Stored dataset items
——————————

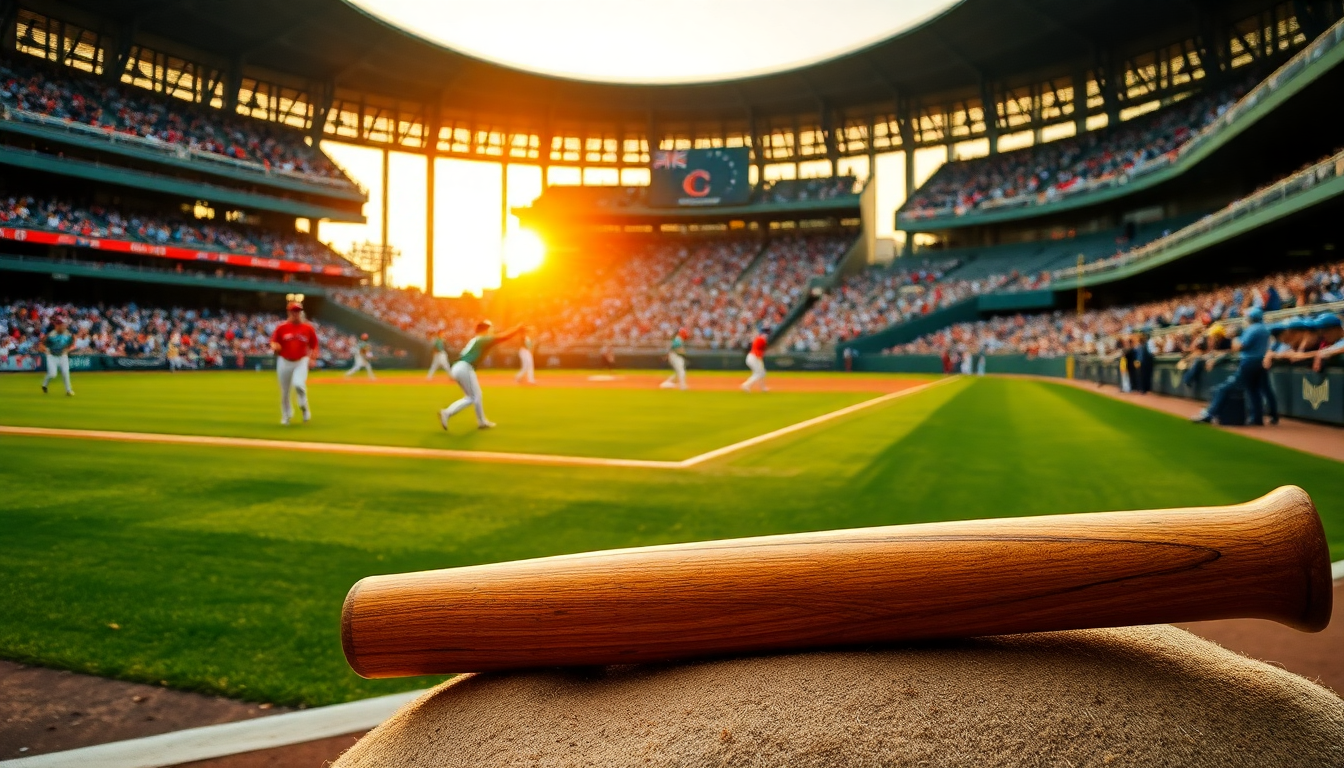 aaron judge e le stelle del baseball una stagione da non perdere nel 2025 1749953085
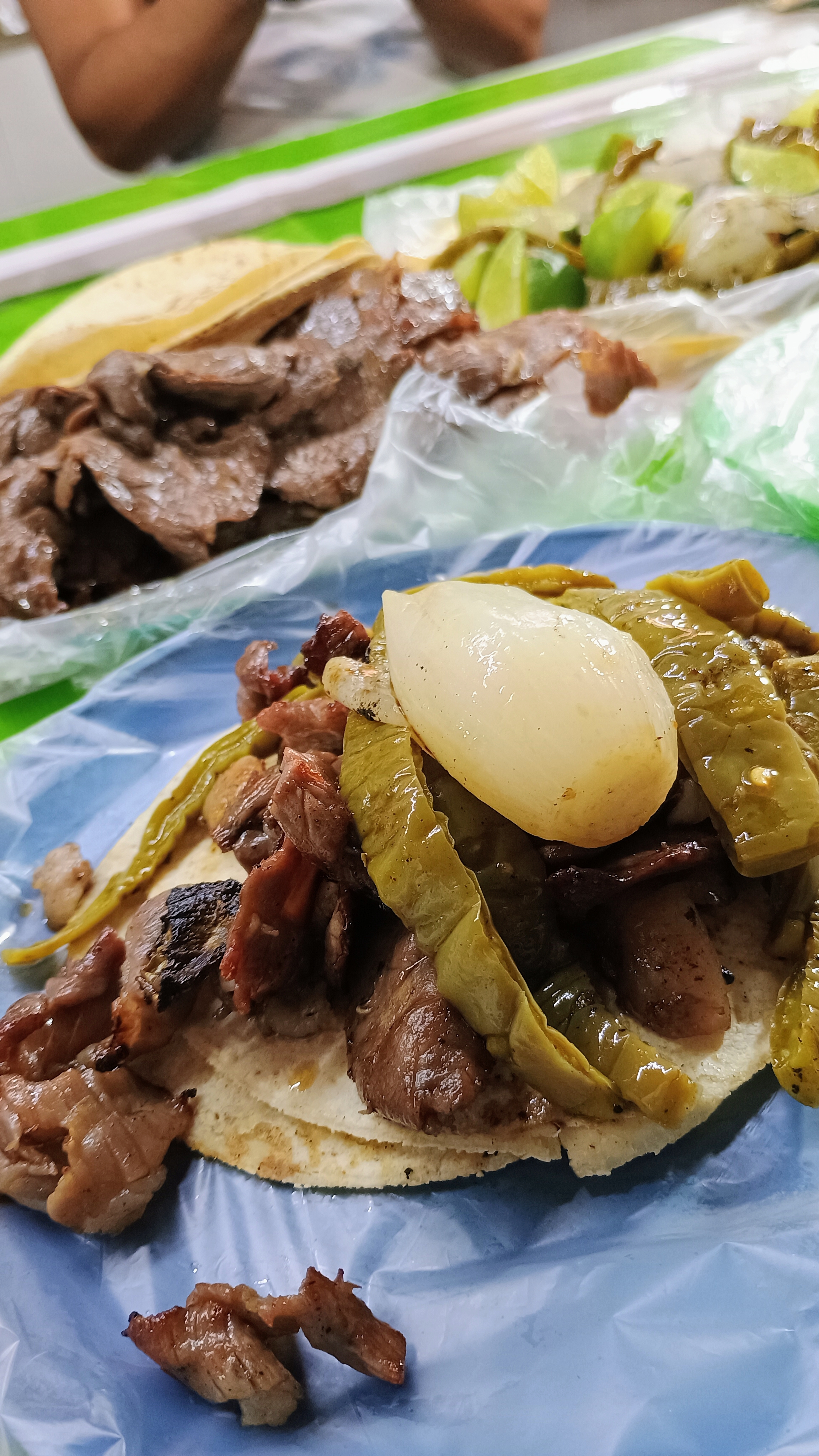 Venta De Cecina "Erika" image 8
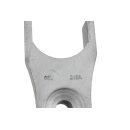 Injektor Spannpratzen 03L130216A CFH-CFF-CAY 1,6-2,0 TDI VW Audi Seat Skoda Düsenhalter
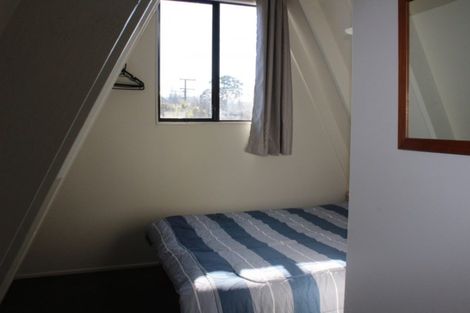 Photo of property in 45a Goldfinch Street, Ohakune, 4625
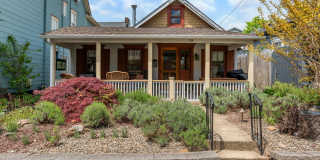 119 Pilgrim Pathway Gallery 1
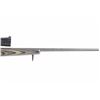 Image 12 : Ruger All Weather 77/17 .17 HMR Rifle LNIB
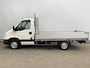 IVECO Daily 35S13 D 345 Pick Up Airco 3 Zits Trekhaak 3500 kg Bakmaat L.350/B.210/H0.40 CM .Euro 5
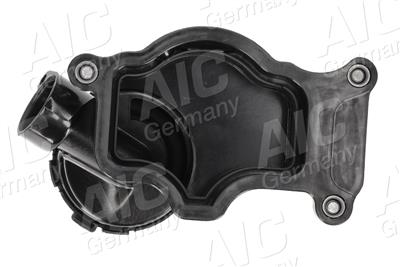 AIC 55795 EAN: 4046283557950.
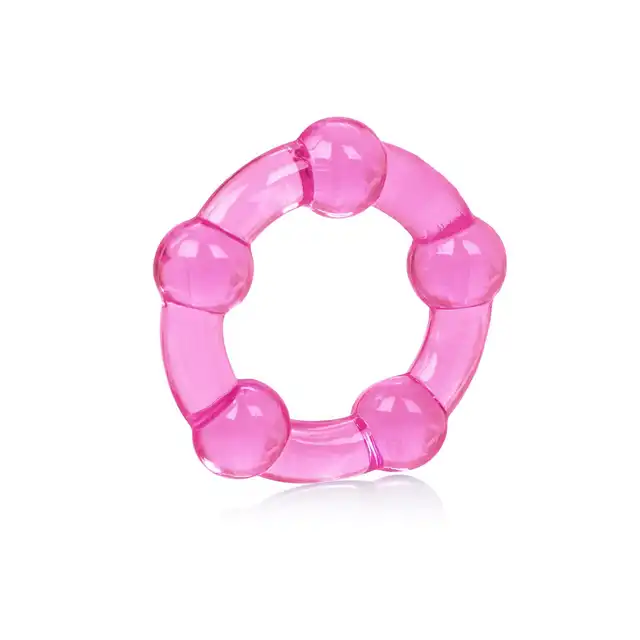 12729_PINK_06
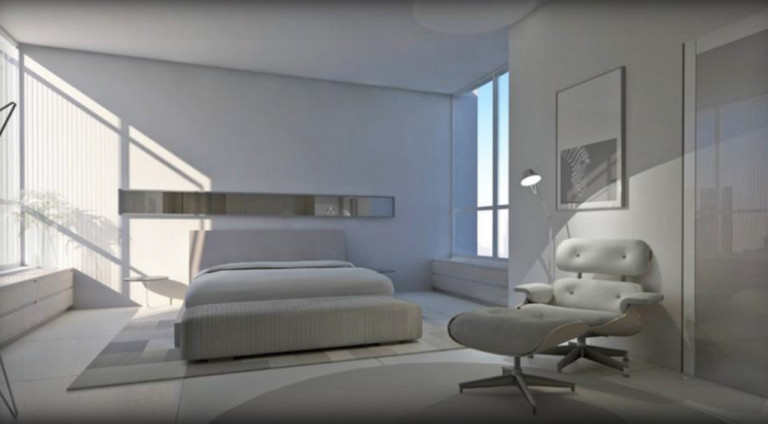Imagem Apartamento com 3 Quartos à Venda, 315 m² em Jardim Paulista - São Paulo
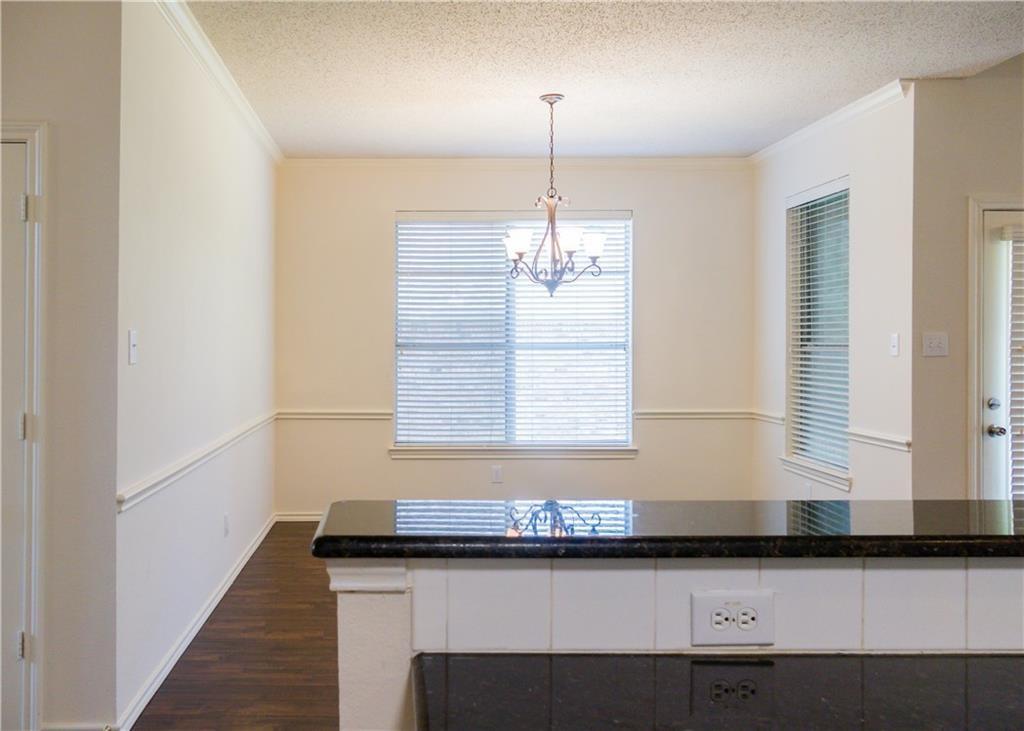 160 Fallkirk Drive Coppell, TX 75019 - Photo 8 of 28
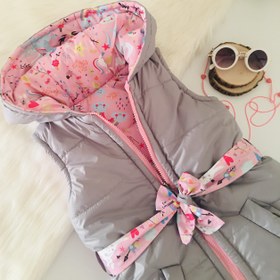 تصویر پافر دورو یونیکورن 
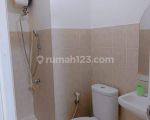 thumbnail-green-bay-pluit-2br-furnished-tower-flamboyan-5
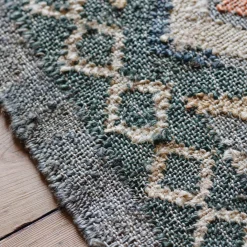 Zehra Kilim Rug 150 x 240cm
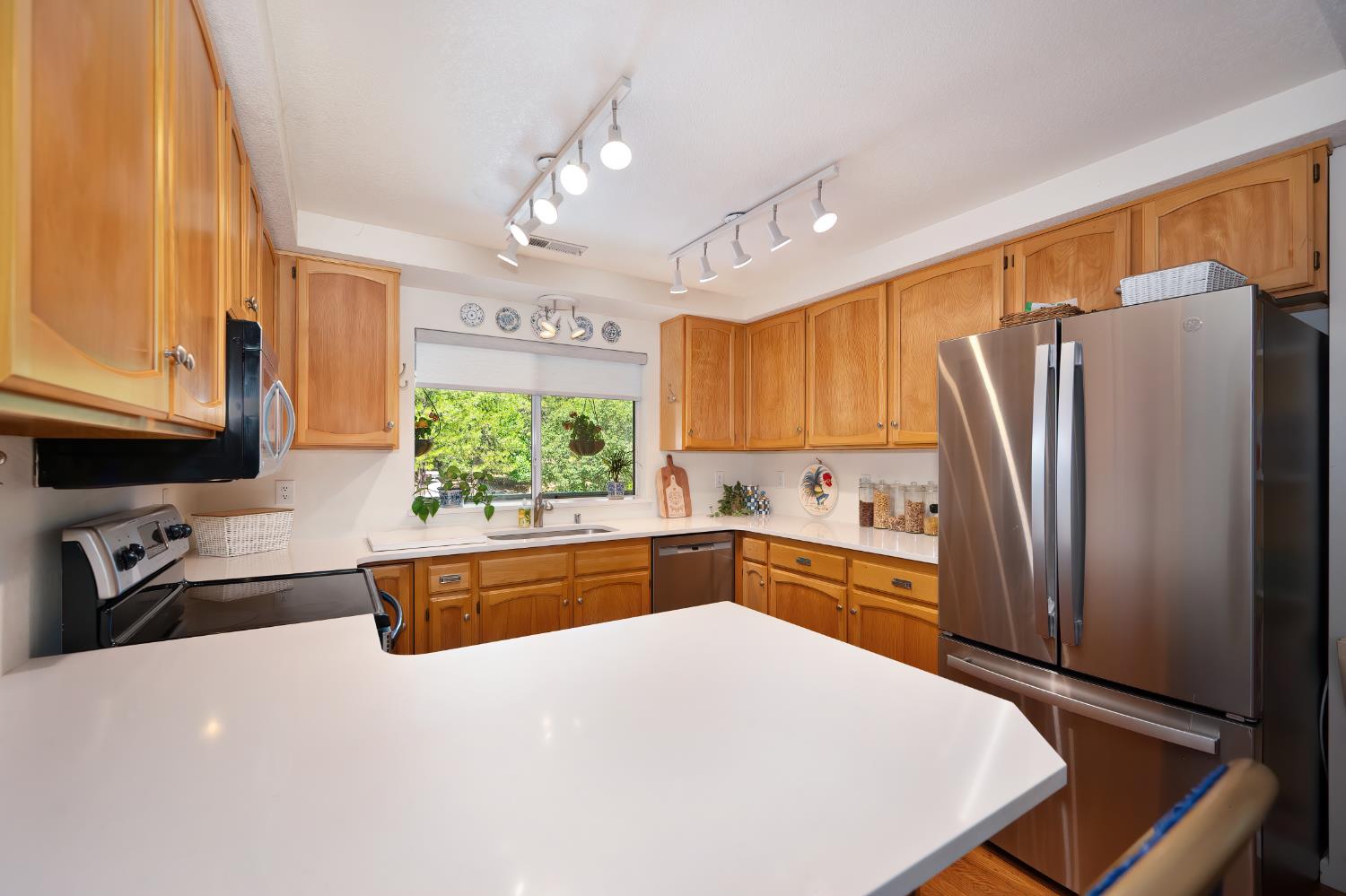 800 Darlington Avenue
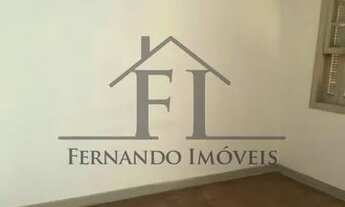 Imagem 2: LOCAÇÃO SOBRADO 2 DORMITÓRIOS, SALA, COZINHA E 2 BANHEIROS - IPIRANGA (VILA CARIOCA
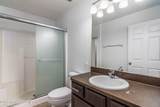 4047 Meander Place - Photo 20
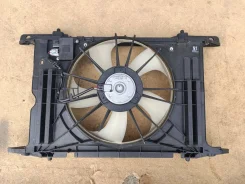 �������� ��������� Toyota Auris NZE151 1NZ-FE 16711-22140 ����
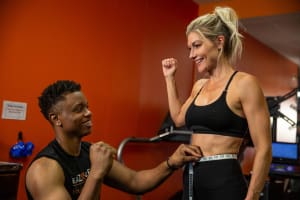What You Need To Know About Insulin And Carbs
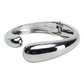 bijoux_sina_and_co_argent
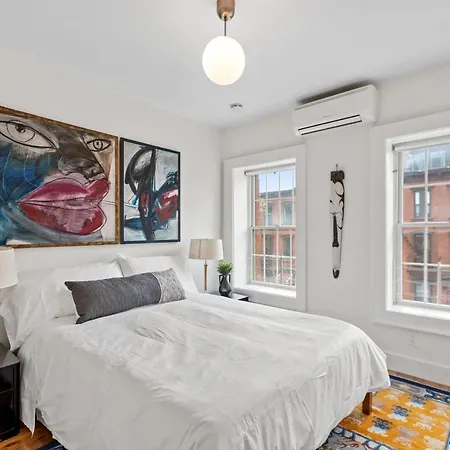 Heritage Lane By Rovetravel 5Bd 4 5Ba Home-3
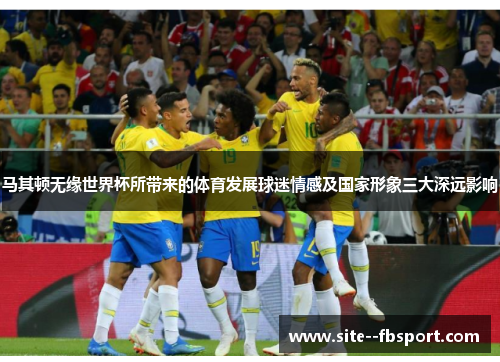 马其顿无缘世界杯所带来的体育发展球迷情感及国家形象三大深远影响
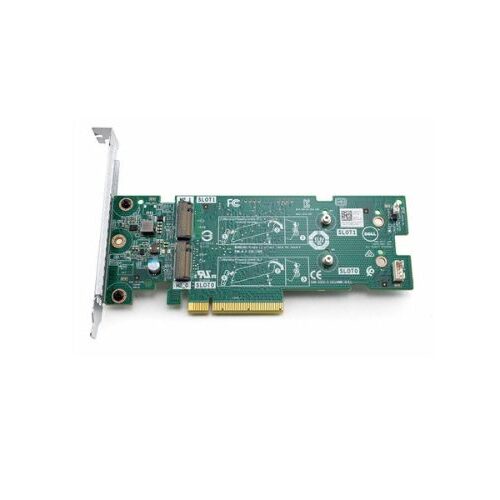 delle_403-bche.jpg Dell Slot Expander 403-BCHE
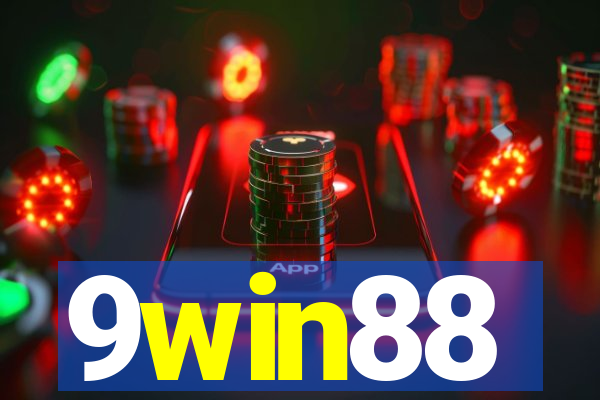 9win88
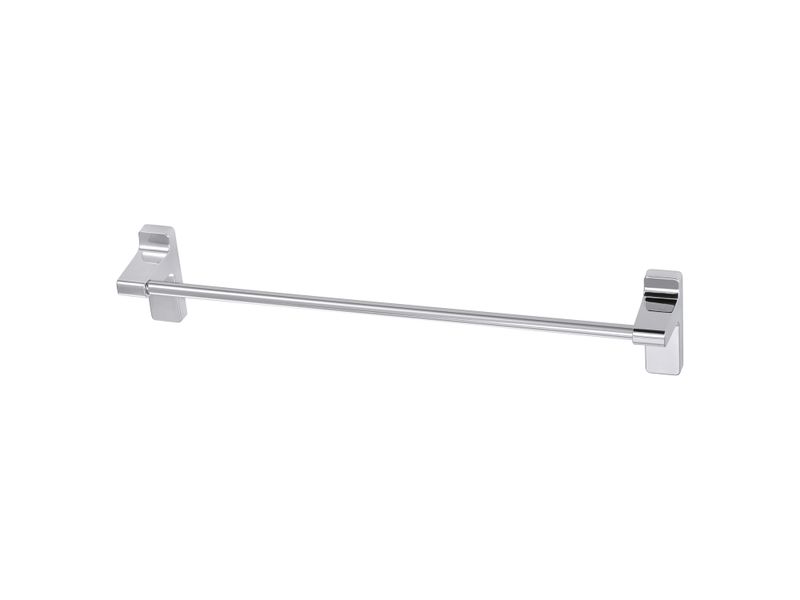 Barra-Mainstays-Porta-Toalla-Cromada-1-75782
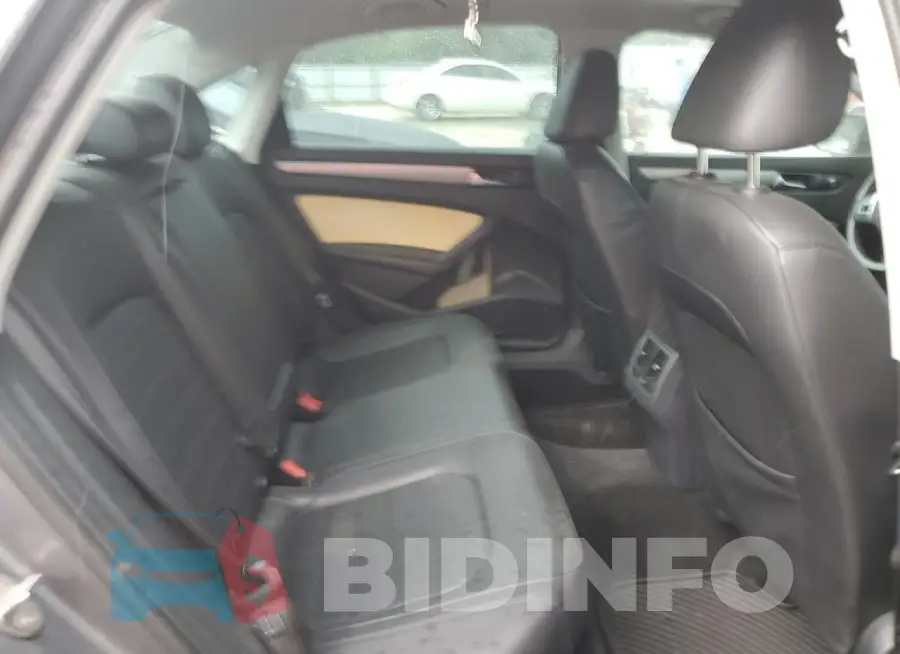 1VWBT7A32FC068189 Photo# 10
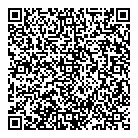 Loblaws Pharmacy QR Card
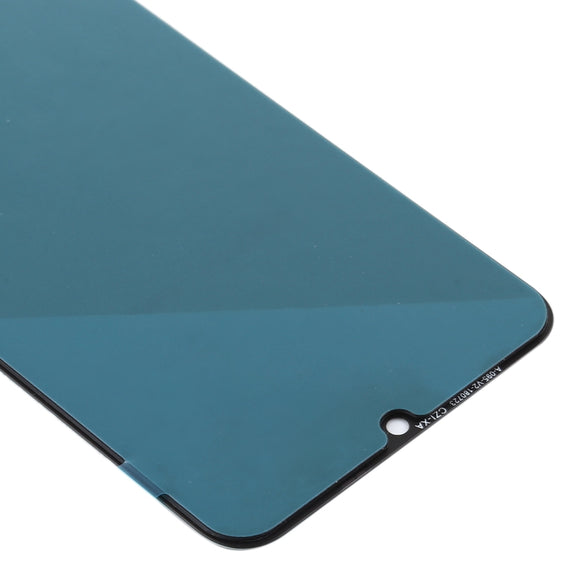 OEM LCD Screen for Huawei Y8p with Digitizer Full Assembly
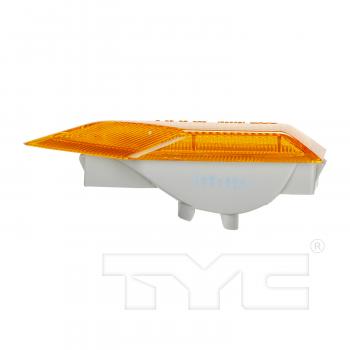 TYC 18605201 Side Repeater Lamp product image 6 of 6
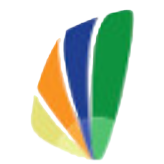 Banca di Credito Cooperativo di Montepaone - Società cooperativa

——————————

Nothing but the lines from the one containing "OEM LCD Screen" through the end of the entries should be written out, exactly and without pictures.

▶ [ANSWER AREA]:
 OEM LCD Screen for Huawei Y8p with Digitizer Full Assembly
 TYC 18605201 Side Repeater Lamp product image 6 of 6
 Banca di Credito Cooperativo di Montepaone - Società cooperativa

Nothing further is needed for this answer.